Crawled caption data
——————

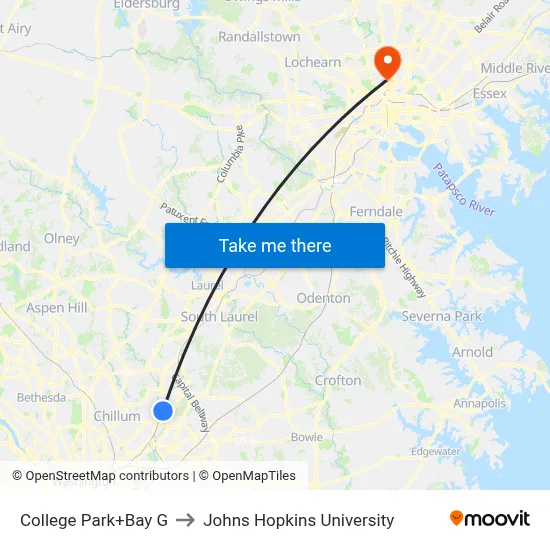 College Park+Bay G to Johns Hopkins University map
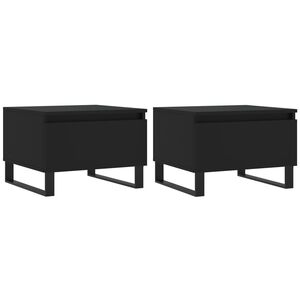 vidaXL Coffee Tables 2 pcs Black 50x46x35 cm Engineered Wood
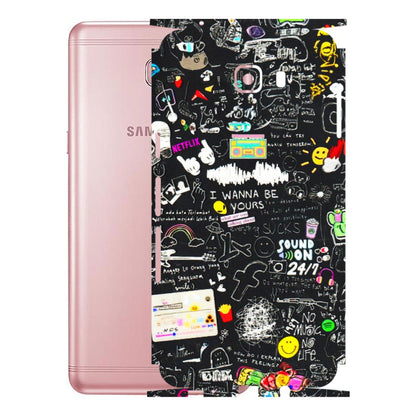 Samsung M/F/Note/Flip and C Phone Skins (All Models) - Black Creatives Doodles - 3D Embossed Finish (L-311) Samsung Galaxy C9 Pro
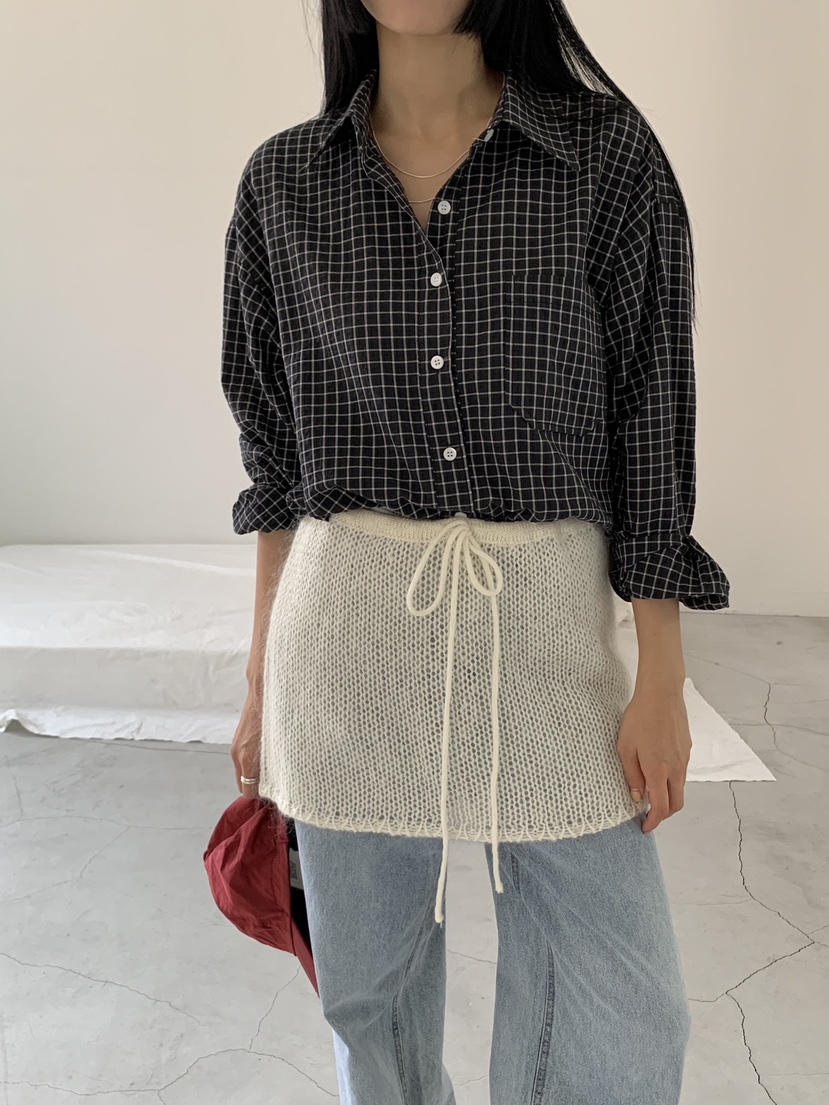 US韓國直郵東大門代購女裝新品休閑真品24秋冬襯衫蕾絲衫US襯衫/蕾絲衫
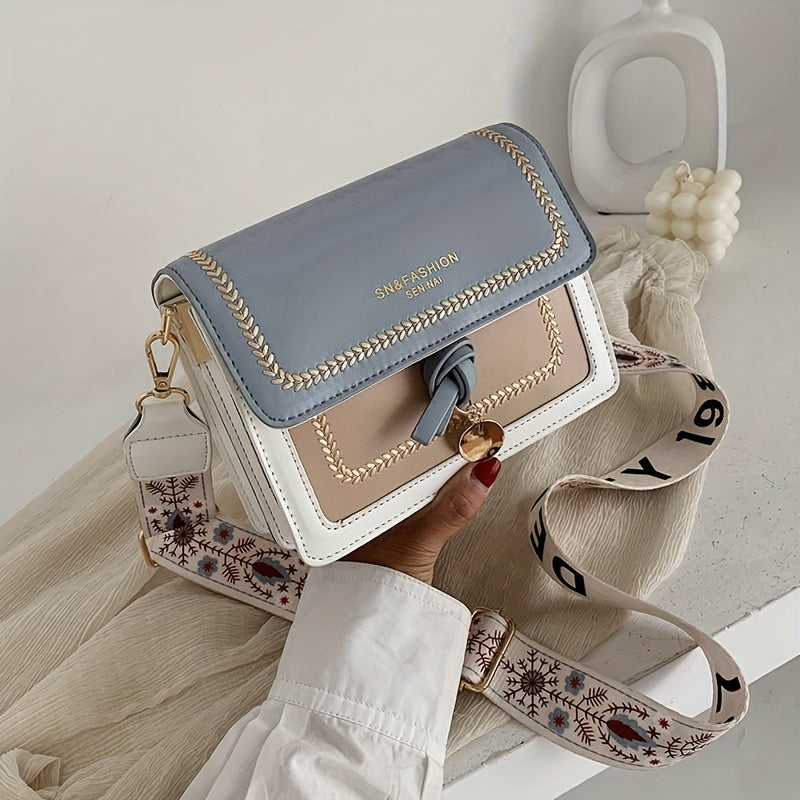 Sac Bandoulière à Rabat Tendance pour Femme – Décor Boucle – Sangle Large et Confortable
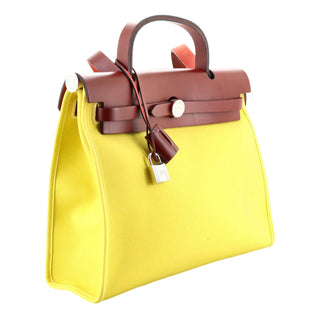 Hermès Herbag Zip 31 Lime & Rouge Canvas Bag With Palladium Hardware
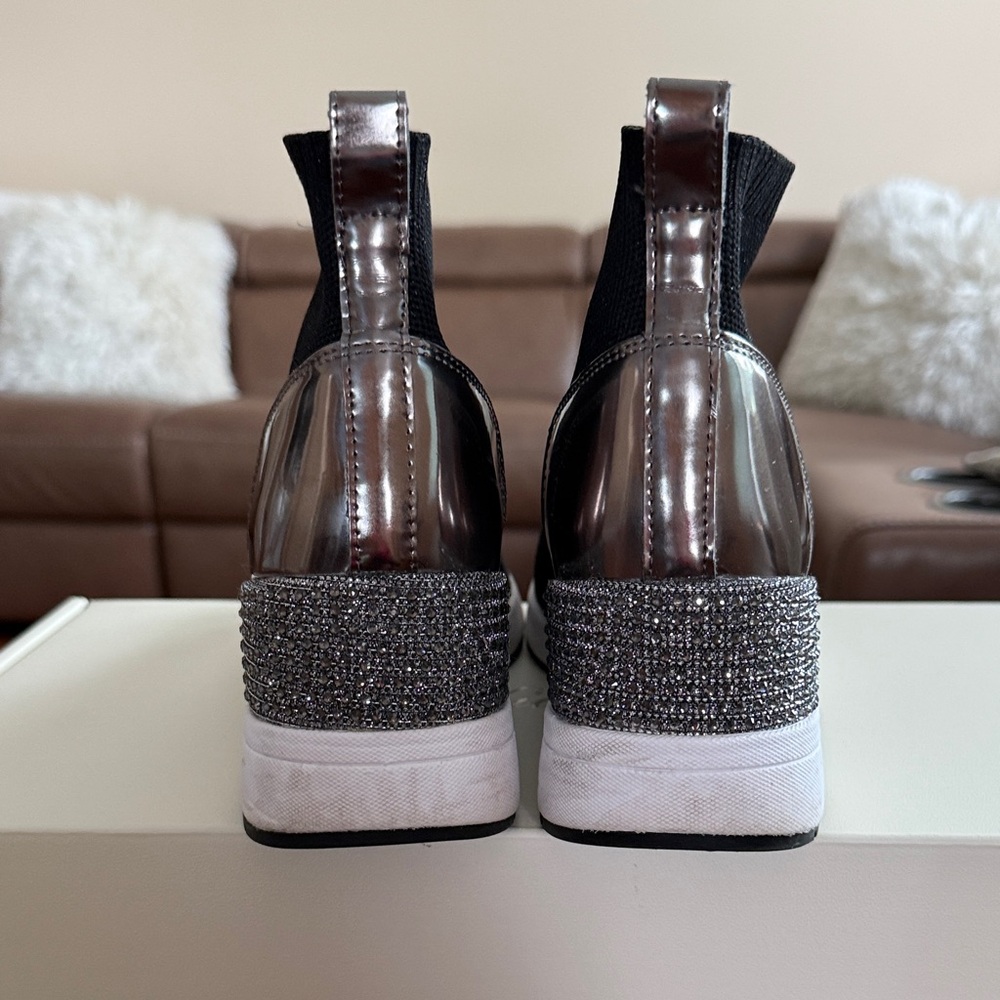 Michael Kors Black Knit Wedge Sneaker with Silver Glitter Heel - Picture 2 of 2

——————

Try it
Exactly reproduce each record, leaving out any pictures.

Task solution
 College Park+Bay G to Johns Hopkins University map
 vidaXL Coffee Tables 2 pcs Black 50x46x35 cm Engineered Wood
 Samsung M/F/Note/Flip and C Phone Skins (All Models) - Black Creatives Doodles - 3D Embossed Finish (L-311) Samsung Galaxy C9 Pro
 US韓國直郵東大門代購女裝新品休閑真品24秋冬襯衫蕾絲衫US襯衫/蕾絲衫
 Sac Bandoulière à Rabat Tendance pour Femme – Décor Boucle – Sangle Large et Confortable
 Hermès Herbag Zip 31 Lime & Rouge Canvas Bag With Palladium Hardware
 Michael Kors Black Knit Wedge Sneaker with Silver Glitter Heel - Picture 2 of 2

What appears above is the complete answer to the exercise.